By the foot of the Fog Mountains miners have burrowed for hundreds of years in search of Pelukra, the sun crystals that light up Babilani homes. These crystals are able to absorb sunlight during the daytime and will shine for several hours after dark.

Following the river further into the Fog Mountains, one will find a small valley where the river has dug deep caves out of the jagged hillside. It is told that a madman lives here, in the Cave of Winds, and that he lives forever. When the wind blows down the valley, and the melting of the snowcaps washes through the caves, an eerie howling can be heard for miles around. Some say its just the wind reverberating, others say its the screaming of the madman.

Djonerai - Mountain of the Stone Giants

High in the mountains north of Babilani lives a tribe of giants with their own customs and their own creed. It is said that they were here even before Shamorlah the Star Daughter arrived with seven ships from the East. They are twice as tall as ordinary men, and three times as wide, with thighs and upper arms like logs of lumber.

Stone Giants they are called, not that they are made of stone, but because they are the most skillful builders in all the seven islands. Djonerai they call their homeland. On top of the highest peak they have erected an enormous sundial. Below the peak lies The Field of Sleeping Giants, the ancient burial ground of Djonerai.

The Stone Giants were the ones who built the Tower of Babilani, the old city walls and the catacombs underneath the inner city. Once they were in high demand as builders, and even as longshoremen down in the harbor, but lately not many Stone Giants have left the mother mountain.

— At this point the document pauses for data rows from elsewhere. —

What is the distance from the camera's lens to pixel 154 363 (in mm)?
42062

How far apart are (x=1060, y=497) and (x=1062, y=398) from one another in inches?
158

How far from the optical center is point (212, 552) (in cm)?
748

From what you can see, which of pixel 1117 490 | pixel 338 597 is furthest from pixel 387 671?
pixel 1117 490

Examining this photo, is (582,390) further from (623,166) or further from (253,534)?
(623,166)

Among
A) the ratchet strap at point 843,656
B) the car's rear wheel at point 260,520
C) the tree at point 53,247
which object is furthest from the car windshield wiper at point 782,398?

Alkamar - The Village in the Moonlight

Most of the Babilani coast is marshland, thick with thorny bushes, seeping with bracken water. But far north in Babilani lies the village Alkamar, where men and women have harvested the sea for a thousand years. Standing on a hilltop and looking down, one sees the village resting in the bottom of a crescent-shaped fjord. It is said that whatever comes from the sea, first arrives at Alkamar.

The Dragonfield

There are four gates in the heavy walls circling the city of Babilani. Outside the Southern Gate longshoremen groan under cargo from all the Seven Islands. To the west traders and merchants erect their canvas stalls and haggle with customers in an everlasting din. Outside the Northern Gate salt fields and desert stretches all the way to the Fog Mountains.

And outside the Eastern Gate lies the Dragonfield, where Norka the dragon slumbers. It is said that the person who can solve the Dragon's Riddle is the rightful heir to the throne of Babilani.

The Catacombs

Over the rooftops and hanging gardens looms the Tower of Babilani. Seven levels above the ground, shaped like a spiral, the dried clay burning white in the sunlight. Here the scriveners have collected all the knowledge of the island kingdom since the dawn of time, when Shamorlah the Star Daughter arrived in Babilani.

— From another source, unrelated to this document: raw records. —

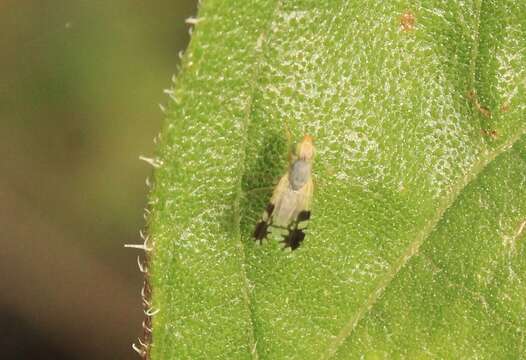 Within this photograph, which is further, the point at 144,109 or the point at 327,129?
the point at 144,109

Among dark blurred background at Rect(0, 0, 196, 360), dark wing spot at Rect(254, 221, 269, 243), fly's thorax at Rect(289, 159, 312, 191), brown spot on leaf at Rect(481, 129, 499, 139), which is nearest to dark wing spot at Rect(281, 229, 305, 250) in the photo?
dark wing spot at Rect(254, 221, 269, 243)

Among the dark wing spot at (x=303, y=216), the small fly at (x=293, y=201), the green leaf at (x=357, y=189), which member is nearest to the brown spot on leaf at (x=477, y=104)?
the green leaf at (x=357, y=189)

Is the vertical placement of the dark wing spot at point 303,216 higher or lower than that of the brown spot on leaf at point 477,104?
lower

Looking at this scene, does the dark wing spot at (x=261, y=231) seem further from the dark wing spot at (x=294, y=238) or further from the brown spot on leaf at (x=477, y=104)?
the brown spot on leaf at (x=477, y=104)

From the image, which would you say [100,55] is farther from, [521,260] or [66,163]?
[521,260]

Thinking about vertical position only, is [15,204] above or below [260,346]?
below

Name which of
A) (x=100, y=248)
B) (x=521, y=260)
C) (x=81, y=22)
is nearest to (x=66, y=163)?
(x=100, y=248) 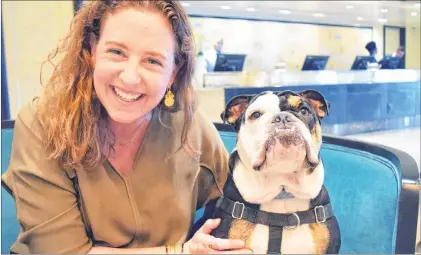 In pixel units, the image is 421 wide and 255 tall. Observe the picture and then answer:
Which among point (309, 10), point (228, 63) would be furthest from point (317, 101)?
point (309, 10)

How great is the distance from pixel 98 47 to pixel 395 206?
0.71m

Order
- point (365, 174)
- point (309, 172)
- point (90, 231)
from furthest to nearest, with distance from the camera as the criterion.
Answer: point (365, 174) < point (90, 231) < point (309, 172)

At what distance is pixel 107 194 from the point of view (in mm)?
918

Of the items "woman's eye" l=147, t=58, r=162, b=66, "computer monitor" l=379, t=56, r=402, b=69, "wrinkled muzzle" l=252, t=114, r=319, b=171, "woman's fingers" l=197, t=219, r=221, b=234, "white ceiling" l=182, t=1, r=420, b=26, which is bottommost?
"woman's fingers" l=197, t=219, r=221, b=234

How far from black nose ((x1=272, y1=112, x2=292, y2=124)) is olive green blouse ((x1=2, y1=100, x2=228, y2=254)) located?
33 centimetres

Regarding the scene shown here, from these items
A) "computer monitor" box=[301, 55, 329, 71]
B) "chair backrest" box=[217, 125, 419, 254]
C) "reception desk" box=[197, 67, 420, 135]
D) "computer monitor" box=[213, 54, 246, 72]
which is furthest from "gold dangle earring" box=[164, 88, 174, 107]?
"computer monitor" box=[301, 55, 329, 71]

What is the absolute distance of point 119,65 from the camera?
0.79 m

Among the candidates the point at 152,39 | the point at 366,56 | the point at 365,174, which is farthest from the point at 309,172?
the point at 366,56

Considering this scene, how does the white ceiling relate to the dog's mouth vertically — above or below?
above

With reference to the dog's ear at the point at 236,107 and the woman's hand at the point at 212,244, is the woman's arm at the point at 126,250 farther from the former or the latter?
the dog's ear at the point at 236,107

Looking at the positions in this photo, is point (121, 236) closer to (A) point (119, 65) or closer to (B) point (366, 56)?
(A) point (119, 65)

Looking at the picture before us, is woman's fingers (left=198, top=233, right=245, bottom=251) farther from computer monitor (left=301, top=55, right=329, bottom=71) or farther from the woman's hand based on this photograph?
computer monitor (left=301, top=55, right=329, bottom=71)

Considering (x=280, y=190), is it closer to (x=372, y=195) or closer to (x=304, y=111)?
(x=304, y=111)

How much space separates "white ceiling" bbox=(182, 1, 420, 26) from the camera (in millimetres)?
4927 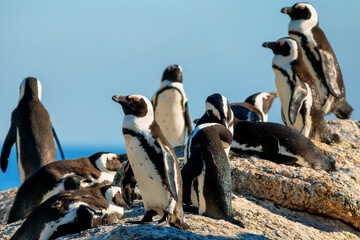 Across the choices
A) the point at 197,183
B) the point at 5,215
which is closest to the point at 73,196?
the point at 197,183

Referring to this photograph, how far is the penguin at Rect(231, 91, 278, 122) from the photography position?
9.53 metres

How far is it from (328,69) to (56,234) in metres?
5.34

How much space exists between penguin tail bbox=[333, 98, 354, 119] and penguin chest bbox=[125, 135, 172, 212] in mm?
5219

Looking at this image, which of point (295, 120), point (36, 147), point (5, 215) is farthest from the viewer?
point (36, 147)

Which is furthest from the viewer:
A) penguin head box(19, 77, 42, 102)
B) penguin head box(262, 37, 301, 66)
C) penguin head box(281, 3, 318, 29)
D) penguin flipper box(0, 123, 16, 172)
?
penguin flipper box(0, 123, 16, 172)

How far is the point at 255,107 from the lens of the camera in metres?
10.3

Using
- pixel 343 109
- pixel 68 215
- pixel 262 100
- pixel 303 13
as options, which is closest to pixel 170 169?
pixel 68 215

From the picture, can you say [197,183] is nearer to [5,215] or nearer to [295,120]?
[5,215]

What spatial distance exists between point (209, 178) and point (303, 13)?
181 inches

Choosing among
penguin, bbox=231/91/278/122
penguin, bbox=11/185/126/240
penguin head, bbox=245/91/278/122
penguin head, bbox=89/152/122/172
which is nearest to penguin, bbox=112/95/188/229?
penguin, bbox=11/185/126/240

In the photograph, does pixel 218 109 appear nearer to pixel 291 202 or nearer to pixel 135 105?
pixel 291 202

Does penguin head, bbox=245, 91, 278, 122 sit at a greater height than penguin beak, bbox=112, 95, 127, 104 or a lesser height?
lesser

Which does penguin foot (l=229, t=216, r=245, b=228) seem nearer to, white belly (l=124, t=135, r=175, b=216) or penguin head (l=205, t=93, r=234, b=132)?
white belly (l=124, t=135, r=175, b=216)

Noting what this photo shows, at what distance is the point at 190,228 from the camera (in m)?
5.04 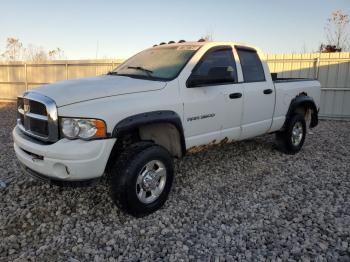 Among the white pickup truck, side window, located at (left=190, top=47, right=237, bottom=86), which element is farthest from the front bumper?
side window, located at (left=190, top=47, right=237, bottom=86)

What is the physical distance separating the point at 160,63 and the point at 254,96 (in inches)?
61.7

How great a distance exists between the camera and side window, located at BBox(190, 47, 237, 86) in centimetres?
402

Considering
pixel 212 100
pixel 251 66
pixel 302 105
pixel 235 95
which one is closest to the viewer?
pixel 212 100

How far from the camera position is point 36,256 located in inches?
115

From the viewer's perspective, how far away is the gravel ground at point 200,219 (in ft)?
9.89

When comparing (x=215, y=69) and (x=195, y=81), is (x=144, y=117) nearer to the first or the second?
(x=195, y=81)

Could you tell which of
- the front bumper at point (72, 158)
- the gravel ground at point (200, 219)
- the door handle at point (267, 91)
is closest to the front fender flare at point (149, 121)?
the front bumper at point (72, 158)

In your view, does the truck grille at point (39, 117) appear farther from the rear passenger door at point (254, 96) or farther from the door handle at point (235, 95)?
the rear passenger door at point (254, 96)

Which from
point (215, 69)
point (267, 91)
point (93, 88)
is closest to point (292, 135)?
point (267, 91)

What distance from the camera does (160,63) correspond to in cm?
427

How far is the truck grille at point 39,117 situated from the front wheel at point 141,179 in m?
0.73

In the floor of the hall inside the towers are five heavy iron doors, leading down to the seven levels underneath the tower. When the river flowed through Babilani it was possible to open these doors. But the river is dry now, the canals filled with mud and sand, the cracked waterwheels cobwebbed and dusty.

One day the river will flow again. One day the underground machinery will hum with energy from cascading waters, and then it will be possible to reach the catacombs underneath the tower.